PROMPT:
Your copy should hold only the lines from the one holding "Cape Panwa Phuket - Sha Plus Certified - 18" through the last line of the records below, both included, each exact and with no pictures.

DATA RECORDS:
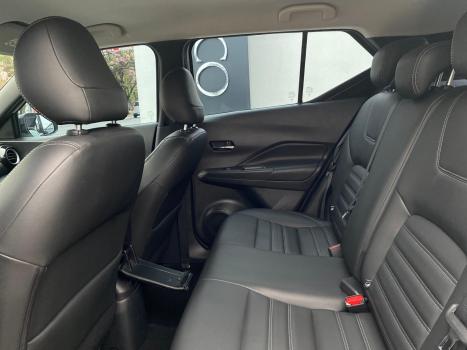 NISSAN Kicks 1.6 16V 4P FLEXSTART SL X-TRONIC AUTOMTICO CVT, Foto 7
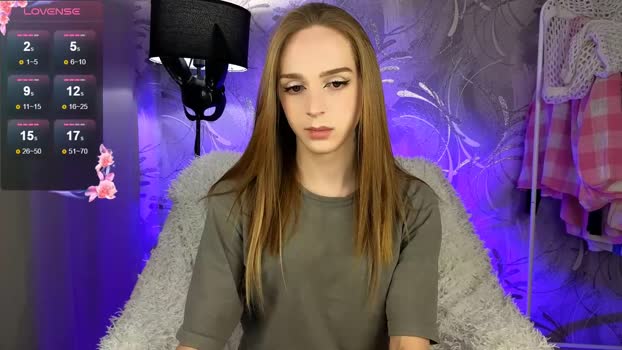 sweet_ali3s ladyboy Webcam SHOW @ Chaturbate 26-02-2026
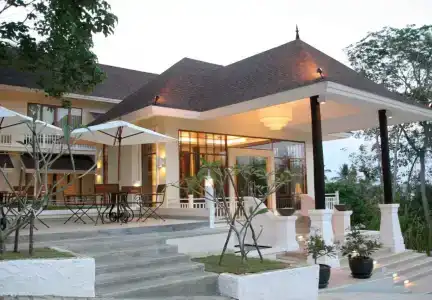 Cape Panwa Phuket - Sha Plus Certified - 18
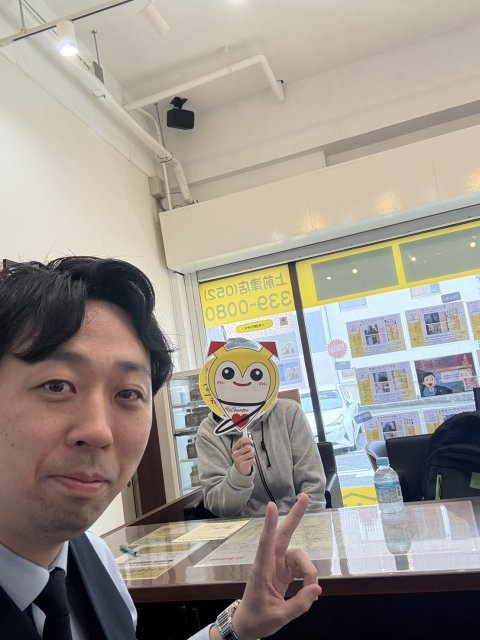I様の画像
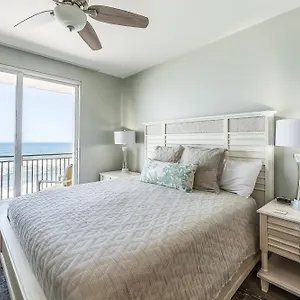 The Splash And West Apartment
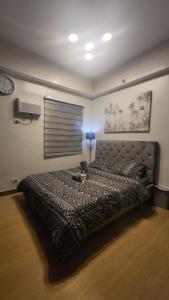 CAP Staycation - SMDC Hope Residences Trece Martires City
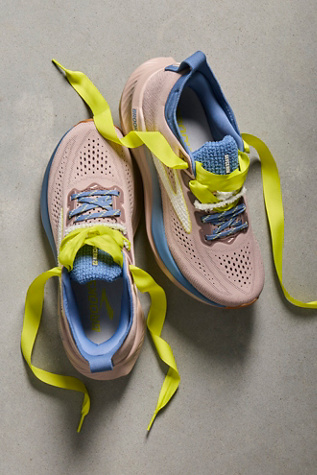 Brooks for FP Movement Glycerin 23 Sneakers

ANSWER TO THIS TASK:
 Cape Panwa Phuket - Sha Plus Certified - 18
I様の画像
 The Splash And West Apartment
 CAP Staycation - SMDC Hope Residences Trece Martires City
 Brooks for FP Movement Glycerin 23 Sneakers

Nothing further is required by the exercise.